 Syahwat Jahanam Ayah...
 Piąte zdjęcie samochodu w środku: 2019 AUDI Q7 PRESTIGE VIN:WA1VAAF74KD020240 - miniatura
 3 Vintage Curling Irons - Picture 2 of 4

---*---

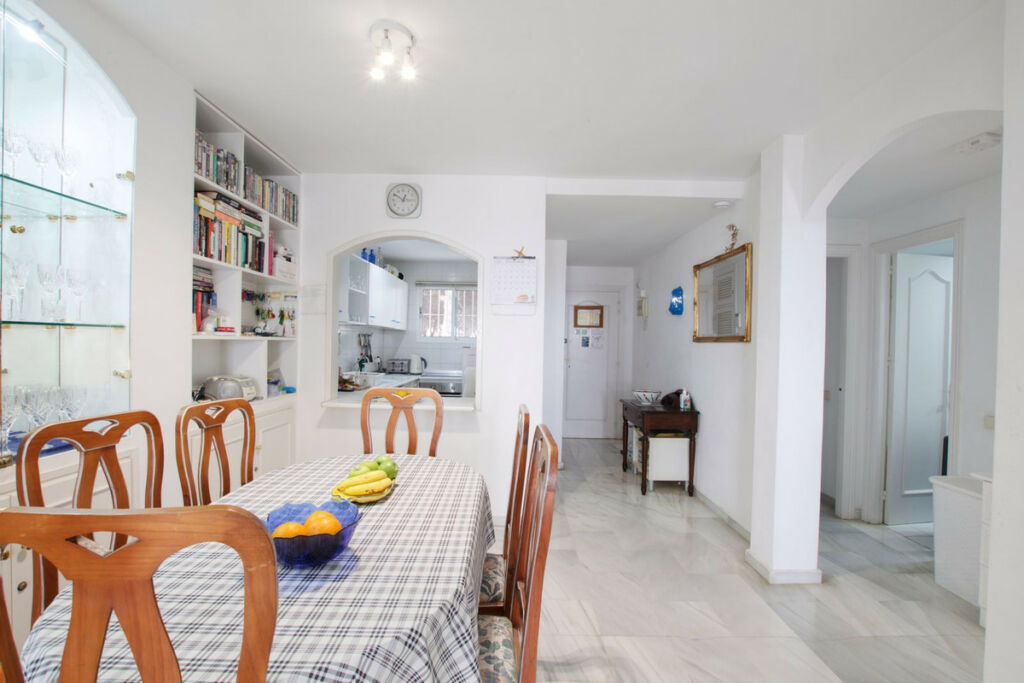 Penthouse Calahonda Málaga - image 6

---*---

▶ [REQUIRED WORK]
Among the records above, extract exactly the lines from the line with "Syahwat Jahanam Ayah..." to the line with "3 Vintage Curling Irons - Picture 2 of 4", both lines included, and leave out the rest.

▶ [COMPLETED EXERCISE]
 Syahwat Jahanam Ayah...
 Piąte zdjęcie samochodu w środku: 2019 AUDI Q7 PRESTIGE VIN:WA1VAAF74KD020240 - miniatura
 3 Vintage Curling Irons - Picture 2 of 4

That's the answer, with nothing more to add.